On 7.2 I'm using linux_base-fc-4 without touching the sysctl, as in 7.2 support for newer osrelease is not complete (and probably it will never be). The flash plugin version is 9.
On 8 it's a different story.

Sometimes the browser freezes, especially when I have many windows opened with flash content. Usually I wait for some seconds (10-30) and if the browser windows are still stuck, from a console I run `$ pkill -9 npviewer`.


----------



## killwin (Oct 17, 2009)

*thanks*

gnash can run only with youtube, i tried it with others web sites and it doesn't work.

Ok, i will try install flashplugin 9 with fc4 monday. But with this method i have the feeling that it work only once on three  times.
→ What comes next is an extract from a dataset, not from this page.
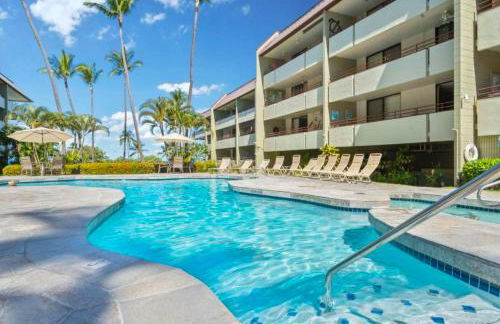 Direct oceanfront Magic Sands beach condo - Pool, AC, 2B2B, sleeps 6 - Foto 27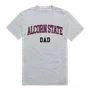 W Republic College Dad Tee Shirt Alcorn State Bravehawks 548-261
I installed it on my computer number 2, it works , and after i installed it on my computer number 3 with the same method and it don't work :\

thanks for the freeze solve problem.

Well, someone tried bsd 8.0 with flash plugin 10 ? I'm afraid with version 8, is it stable ?

Thanks everybody.


----------



## ale (Oct 18, 2009)

killwin said:
			
		

> Well, someone tried bsd 8.0 with flash plugin 10 ? I'm afraid with version 8, is it stable ?


Yes I did.
It works more or less the same compared to the configuration I have for 7.
Even if sometimes on 7 I get a warning about the old plugin version it never happened to me to find something which doesn't work with 9 yet.
What I can see on both, is that if the system is doing something else which uses a lot of I/O, the plugin freeze the whole browser for a while. Sometimes it continues, sometimes it dumps huge cores and dies, sometimes I pkill it.


----------



## DutchDaemon (Oct 18, 2009)

Here:
FreeBSD 8.0-RC1 (i386)
linux-f10-flashplugin-10.0r32
nspluginwrapper-1.2.2_4
linux_base-f10-10_2
firefox-3.5.3,1

Flawless. No freezes.


----------



## ale (Oct 18, 2009)

DutchDaemon said:
			
		

> Here:
> FreeBSD 8.0-RC1 (i386)
> linux-f10-flashplugin-10.0r32
> nspluginwrapper-1.2.2_4
> ...


I have the same on 8, but I'm not using it so much.
I kept all the debugging options in my kernconf until they have been removed. I thought that this was increasing the freezes as I had often messages about _lor_ running flash.
Anyway if my memory is not failing I read somewhere in some ml that there is a problem about threads in the emulation layer that could be the cause of the problem. I'll post again if I found the url.


----------



## jnr (Oct 18, 2009)

killwin said:
			
		

> Well, someone tried bsd 8.0 with flash plugin 10 ? I'm afraid with version 8, is it stable ?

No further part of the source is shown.